Now, mind you, I’m not saying that makes it okay, I’m just saying that’s probably their excuse.
This hits particularly close to home for me given that I showed The Laramie Project to my 100-level (college) English comp students one semester a few years ago. I did get one complaint that I was forcing my politics on the class, but for the most part my students seemed pretty receptive — as did Taylor’s students, from what little is discussed in the USA Today article. It gives me hope that as the younger generations get old enough to vote and get more involved with running for office and whatnot, we’ll be able to progress on the LGBTQ-rights front.
(It also makes me grateful that as a general rule, in theory, one doesn’t have to deal with parents when teaching at the college level. There’s little doubt in my mind that the principal in question had his change of heart because a parent complained, or at least because he feared a parental complaint.)
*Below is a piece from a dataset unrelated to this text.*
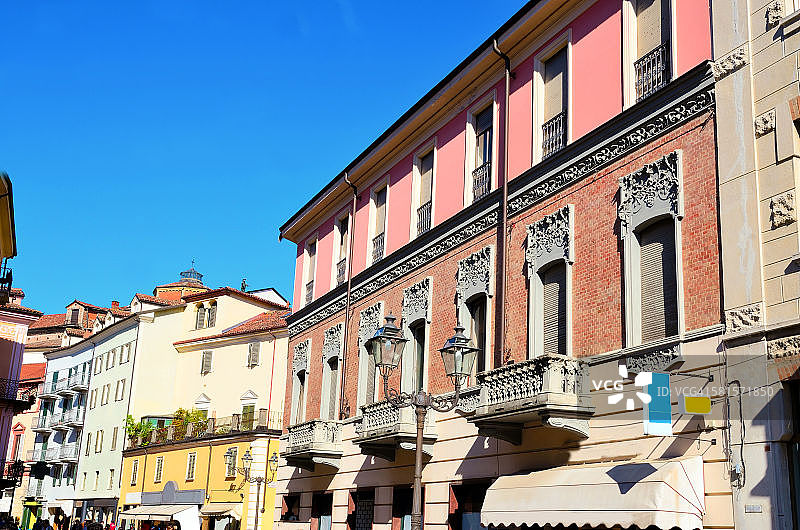 阿奎泰尔梅老城区的历史建筑图片素材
*On a fairly tangential note, I don’t know what to make of the article’s title, which refers to The Laramie Project as a “gay-themed film.” It’s about a man who was brutally murdered because he was gay, and how the community responded to his death. So, I guess “gay-themed” is accurate because the subject matter includes what it’s like to be gay, but it seems overly simplistic, and I think it also speaks to the ghettoization of LGBTQ art, film, and literature (and this is often true of ethnic art, film, and literature as well), because I would argue that the dominant culture has more to learn from this film than your average LGBTQ person does. But that’s a whole ‘nother kettle of fish, I suppose.